Mendez looked at him, brows furrowed. “Are you okay?”
“Sure.”
“We just closed our case, man. It’s all over but the paperwork.”
“The crazy guy did it,” Vince said with none of the enthusiasm Mendez was looking for.
“Well, he did,” Mendez said. “He all but confessed.”
Vince tipped his head. “All but.”
Getting irritated, Mendez got up and began to pace. “What the hell do you want? A fucking Perry Mason moment?”
“Yeah, that’d be nice.” Vince got up and threw his coffee in the trash.
“You’re not still thinking you pushed him over the edge?” Mendez asked. “He’d already killed two people before you ever met him, Vince. The guy is a wack job.”
“Forgive me if I’m not happy about that,” Vince said.
The doors whooshed open, and Cal Dixon came in, trailed by a dozen reporters all shouting questions at the same time. Dixon ignored them and motioned to Mendez and Vince. The three of them went into an exam room while deputies and hospital security chased the riffraff back outside.
Mendez told the story. Dixon stood with his arms crossed over his chest, intent on every detail. Vince sat on the exam table with his forearms on his thighs, and said nothing.
“So that’s it?” Dixon said. “Zahn went crazy and killed her.”
“And then he went crazy again and tried to kill Gina Kemmer,” Vince said. “And then he went nuts again and sent a box of breasts to Milo Bordain. And one more time when he tried to run her off the road for no real reason.”
Mendez sighed his frustration. “He lost it and killed Marissa, and tried to kill Haley. Then he had to try to cover it up, so he shot Gina and dumped her down that well. He walked that fire road every day.”
“You can’t pick and choose,” Vince argued. “He’s either crazy or he’s not. And if he went into a dissociative state and killed Marissa, it’s unlikely he would have had any memory of it after. He wouldn’t try to cover up something he didn’t know he did.”
“He had to know it when he found his bloody clothes the next day,” Mendez argued. “He knew he killed his mother. He told us about it.”
“And who told him? The cops, the psychiatrists, the social workers.”
“Maybe he’s not crazy at all,” Dixon ventured. “Maybe crazy is an act. It got him off before. Why not use it again?”
“You never met him.
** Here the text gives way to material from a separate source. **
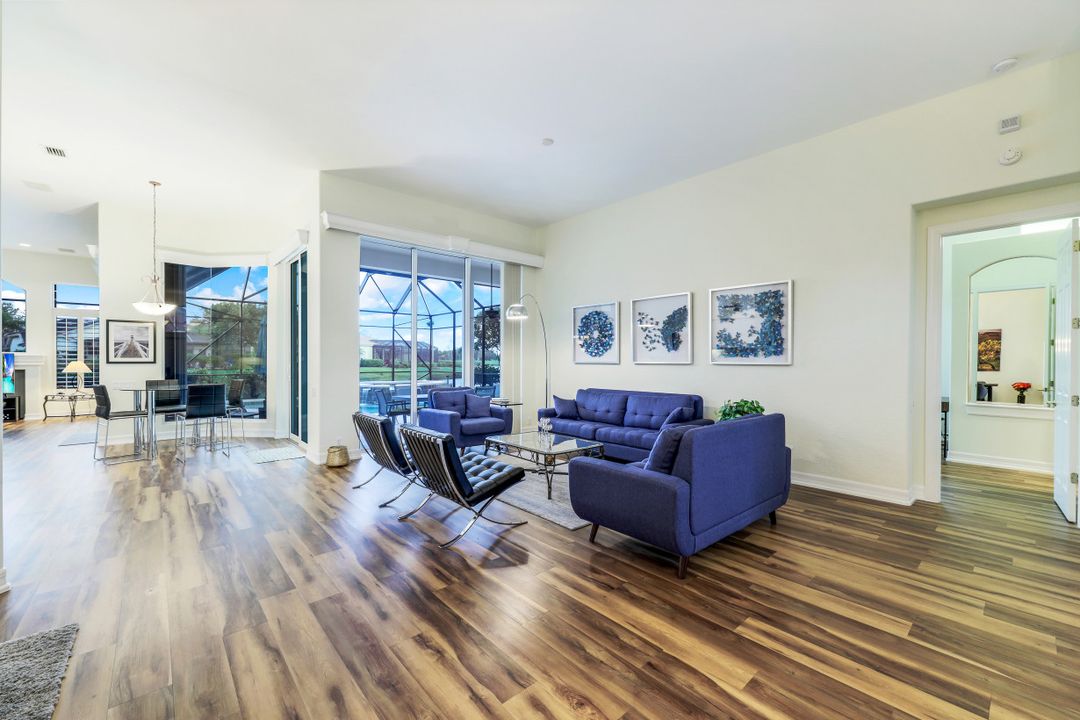 606 Shoreline Dr, Naples, FL 34119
You never talked to him,” Vince snapped. “He isn’t an act.”
“Why are we chewing each other’s tails about this?” Dixon asked.
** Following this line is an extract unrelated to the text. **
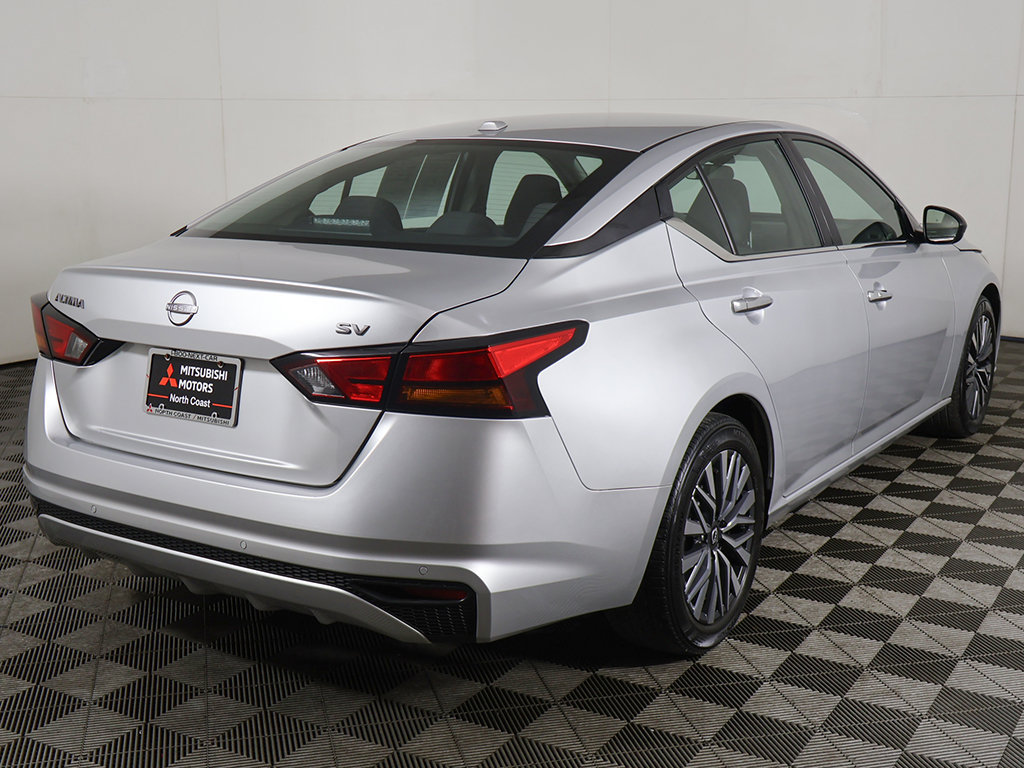 Used 2024 Nissan Altima 2.5 SV FWD image 7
“Because it doesn’t fucking make sense, that’s why,” Vince said, irritated. “Why all the bullshit with Milo Bordain?”
“Maybe he doesn’t like her,” Mendez said. “Maybe to make it look like her son did it.”
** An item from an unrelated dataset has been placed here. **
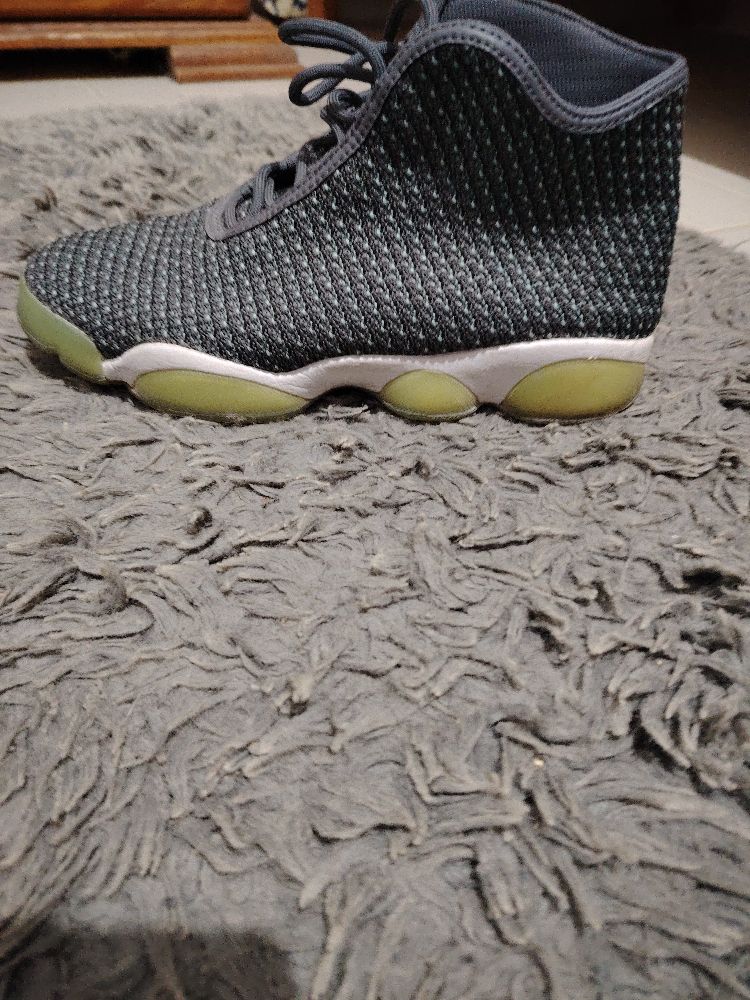 Jordan retro 13 vert w gris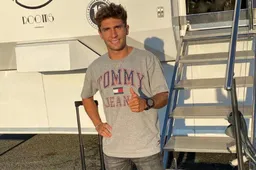 Moto3: Albert Arenas, le immagini del piede 'pallone da calcio'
“We’re talking about a guy who finds it too overwhelming to go to Ralph’s to buy groceries, but he would pack human breasts in a box and drive all the way to Lompoc to perpetrate a conspiracy on the Bordain family?” Vince said, incredulous. “What is in your fucking head?”
“He practically said he did it!” Mendez said.
“But he didn’t say it, did he?”
“He stabbed himself with an eight-inch chef’s knife!”
“And what happened to ‘Steve Morgan did it’?”
A stout red-haired nurse in scrubs pulled the door open and stuck her head in. “Shut the fuck up! People in Milwaukee can hear you!”
Mendez held a hand up. “I know. If Zahn mailed the breasts to Milo Bordain, somebody in that post office is going to remember him. You don’t meet that guy and then forget about him. Bill and I will go up to Lompoc and show them the photo of Zahn.”
“Good,” Dixon said. “It would be nice to have something besides conjecture to give the district attorney—if Zahn lives.”
“We’ll probably have his blood on that sweatshirt,” Mendez said.
“If he cut himself,” Vince came back, “then where are the wounds? He didn’t have any wounds on his hands.”
“If Gina Kemmer makes it, we’ll have an ID.”
“What’s the latest on her?” Dixon asked.
Mendez frowned. “Not very good. She’s fighting infections. They can’t seem to keep her blood pressure stable, and they don’t know why.”
Still agitated, Vince slid off the table and moved with purpose toward the door.
“Where are you going?” Mendez asked.
“To call Rudy Nasser. He should know what happened.”